On Monday, February 2, before the market opened, the U.S. shale oil and gas sector witnessed another "large-scale merger." Devon and Cotera announced they have signed an all-stock merger agreement. After the news broke, the stock prices of both companies weakened before the market opened, as the market also absorbed the emotional pressure from the day's oil price decline.
Deal Structure and Valuation
According to announcements from both parties, this is a fixed exchange ratio transaction: Cotera shareholders will receive 0.70 shares of Devon common stock for each share they hold. Based on Devon's closing price on January 30, the enterprise value after the merger is estimated to be approximately $58 billion. Upon completion of the transaction, Devon shareholders are expected to own about 54%, while Cotera shareholders will hold approximately 46%.

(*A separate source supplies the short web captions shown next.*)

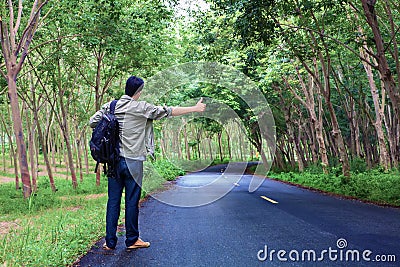 Hitchhiking tourism concept. Travel hitchhiker man carrying back Stock Photo
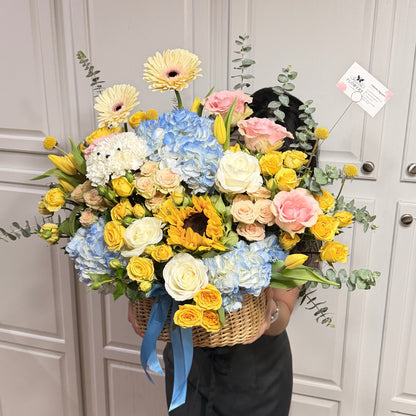 Large wicker basket filled with vibrant yellow, blue, and pink spring flowers.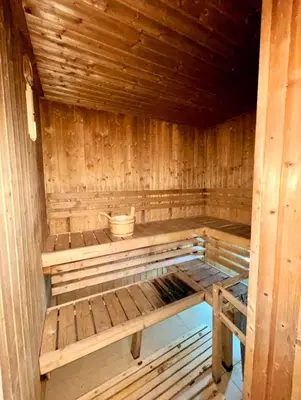 an empty wooden sauna with a bucket in it at Pixie Dust Suite in Manila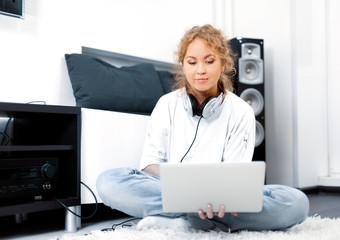 Woman sitting on the floor with laptop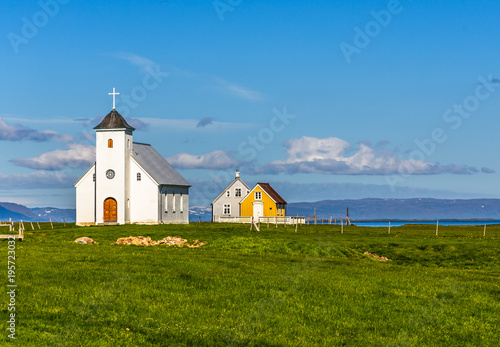 Flateyjarkirkja white lutheran church and couple of living huts with meadow in foreground and sea  fjord with blue sky in the background, Flatey, Iceland photo
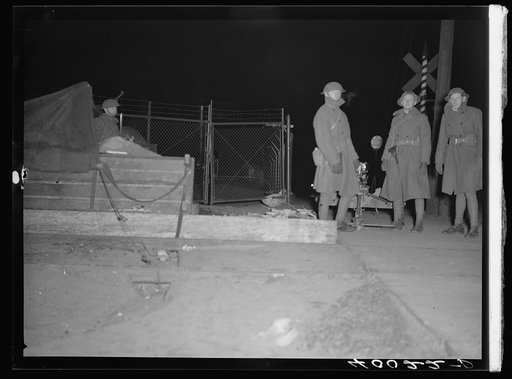 National Guard with machine gun overlooking Chevrolet factories number nine and number four. Flint, Michigan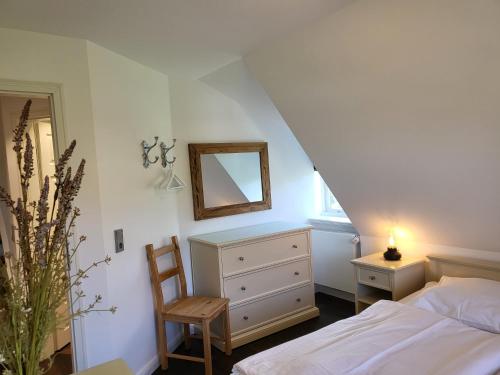 een slaapkamer met een bed, een spiegel en een stoel bij Ferienwohnung Mühlenhof 7 in Sankt Peter-Ording
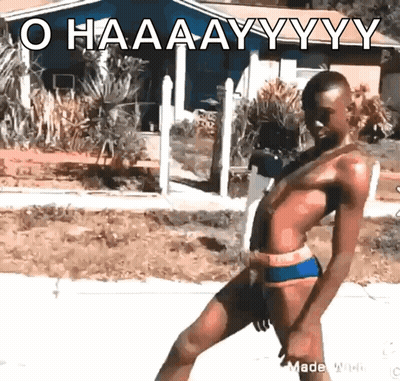 A Man In A Bathing Suit Is Standing In Front Of A House With The Words O Haaaayyy Written On It GIF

Asset Portfolio and Synergy Goals
The core logic of the transaction is to combine the two companies' layouts in key basins into a "larger scale pool of quality inventory," with a focus on the Delaware Basin within the Permian Basin. Reuters estimates the combined total production will exceed 1.6 million barrels of oil equivalent per day by the third quarter of 2025 (on a pro forma basis), including more than 550,000 barrels of crude oil per day and about 4.3 billion cubic feet of natural gas per day. More than half of the production and cash flow will come from the Delaware Basin, totaling about 750,000 net acres.

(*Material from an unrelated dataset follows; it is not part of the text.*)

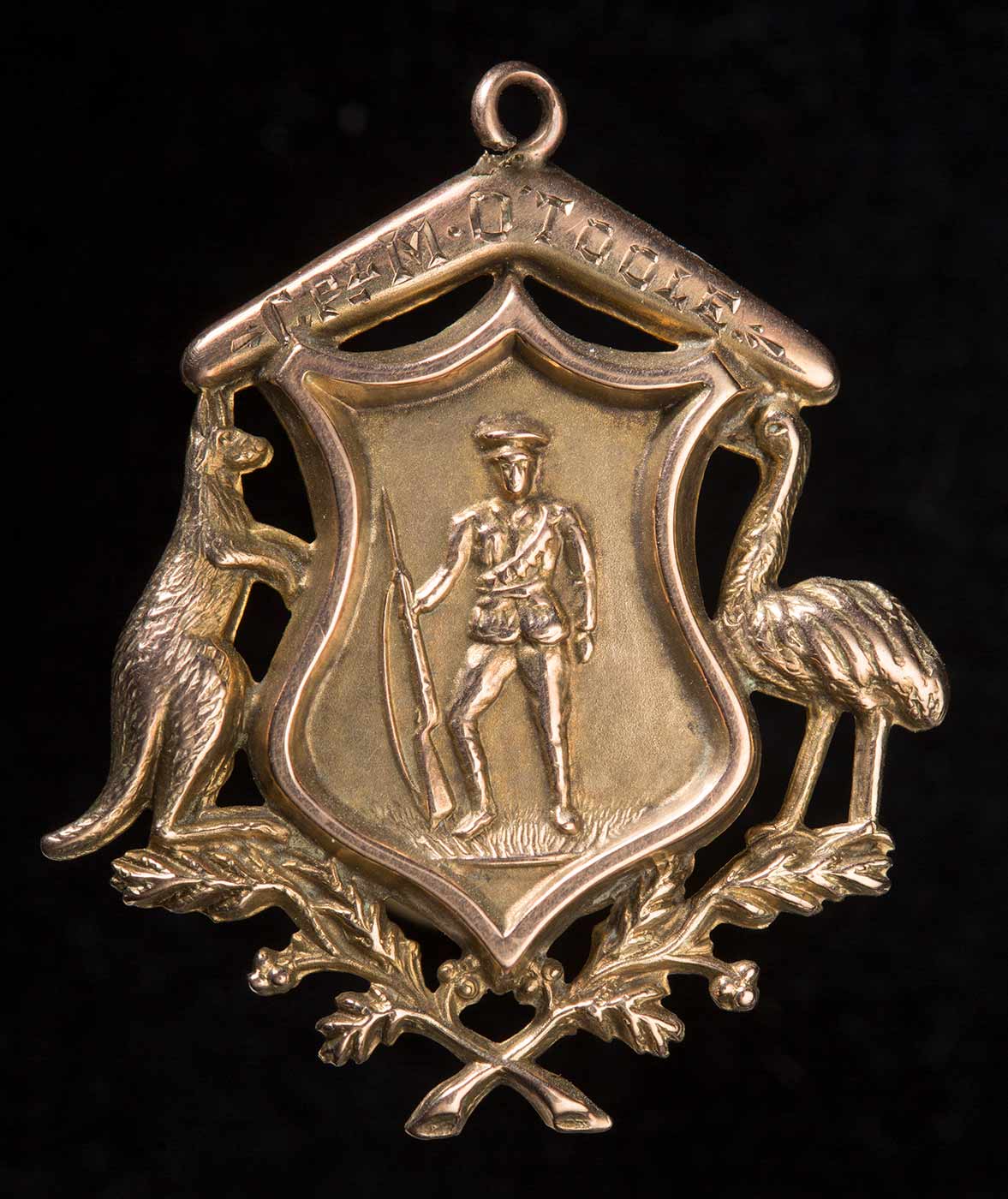 Fob medallion shaped as a shield flanked by a kangaroo and an emu with a boomerang and crossed sprays of wattle below. The boomerang is inscribed 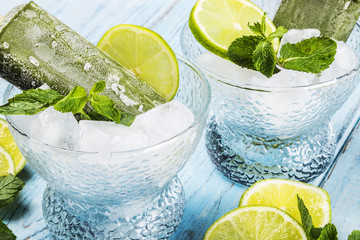 Popsicles on a stick of lime on a wooden table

The management has provided an "on-the-record target" of achieving $1 billion in annual pre-tax synergies by 2027, which will be used to enhance the ability to generate free cash flow and shareholder returns.
Headquarters, Governance, and Timeline
The merged company will retain the name "Devon" and have its headquarters in Houston, while maintaining a significant operational presence in Oklahoma City.

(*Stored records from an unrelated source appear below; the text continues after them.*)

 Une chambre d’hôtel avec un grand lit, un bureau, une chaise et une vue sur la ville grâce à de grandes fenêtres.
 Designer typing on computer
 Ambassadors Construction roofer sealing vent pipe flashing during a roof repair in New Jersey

In terms of governance structure, the merged company's board is expected to consist of 11 members (with Devon nominating 6 and Cotera nominating 5). The current CEO of Devon, Clay Gaspar, will continue as CEO, while Cotera's current CEO, Tom Jorden, will become the non-executive chairman.
Regarding the timeline, both parties expect the transaction to be completed in the second quarter of 2026, pending regulatory approval and shareholder votes. Relevant documents will be submitted to the U.S. Securities and Exchange Commission and advanced according to procedures.